There is no need to repeat this process each time you want to compute a PCA, as there are built-ins that comprise all the computations necessary to carry out a proper PCA.

temp.pca = princomp(m, center = TRUE, scale. = TRUE)
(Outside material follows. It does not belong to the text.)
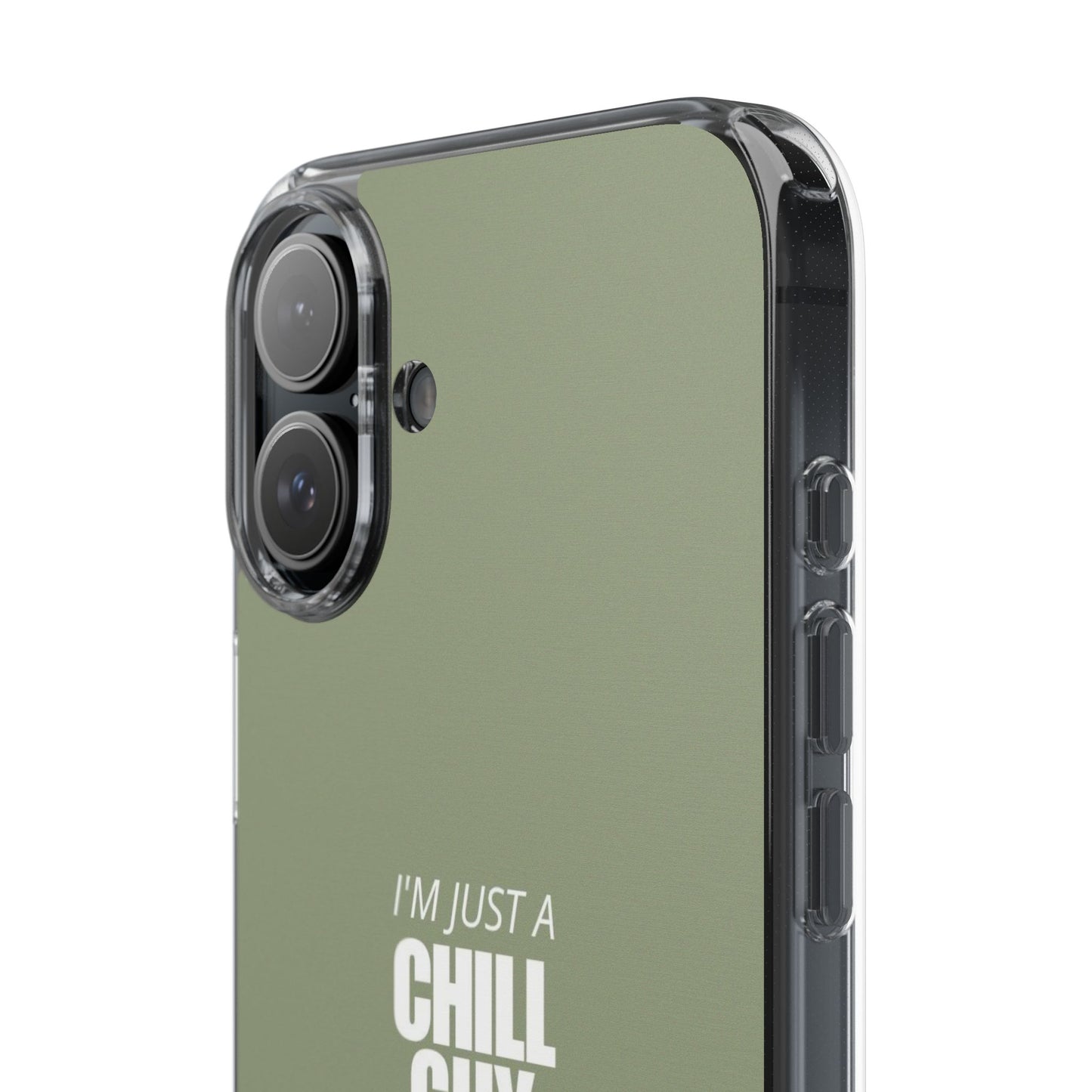 Chill guy Clear Case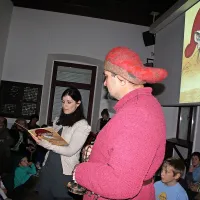 Gordan Stepančič je delovni dan začel kot rudar v jašku Inzaghi, zaključil pa kot škrat Berkmandelc v turističnem 
rudniku.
## Warning: In princomp.default(m, center = TRUE, scale. = TRUE) :
##  extra arguments 'center', 'scale.' will be disregarded

Have a look at the summary:

summary(temp.pca)

## Importance of components:
##                          Comp.1   Comp.2
## Standard deviation     4,694324 1,825888
## Proportion of Variance 0,868593 0,131407
## Cumulative Proportion  0,868593 1,000000

This is in agreement with our previous computations. Check what additional info we can retrieve from the \(\texttt{temp.pca}\) instance:

str(temp.pca)

## List of 7
##  $ sdev    : Named num [1:2] 4,69 1,83
##   ..- attr(*, "names")= chr [1:2] "Comp.1" "Comp.2"
##  $ loadings: 'loadings' num [1:2, 1:2] 0,523 0,852 0,852 -0,523
##   ..- attr(*, "dimnames")=List of 2
##   .. ..$ : chr [1:2] "night" "day"
##   .. ..$ : chr [1:2] "Comp.1" "Comp.2"
##  $ center  : Named num [1:2] 15 15
##   ..- attr(*, "names")= chr [1:2] "night" "day"
##  $ scale   : Named num [1:2] 1 1
##   ..- attr(*, "names")= chr [1:2] "night" "day"
##  $ n.obs   : int 1000
##  $ scores  : num [1:1000, 1:2] 1,28 2,20 -1,95 2,76 -4,78 ...
##   ..- attr(*, "dimnames")=List of 2
##   .. ..$ : NULL
##   .. ..$ : chr [1:2] "Comp.1" "Comp.2"
##  $ call    : language princomp(x = m, center = TRUE, scale. = TRUE)
##  - attr(*, "class")= chr "princomp"

Most of the entries are intuitively clear. Notice an important one with the cryptic name “loadings”:

loadings(temp.pca)[]

##          Comp.1     Comp.2
## night 0,5234203  0,8520746
## day   0,8520746 -0,5234203

Exactly, this is an alternative (orthogonal) change of coordinates that also leads to a solution of the PCA problem of finding (orthogonal) linear combinations of the original feature columns that are not correlated.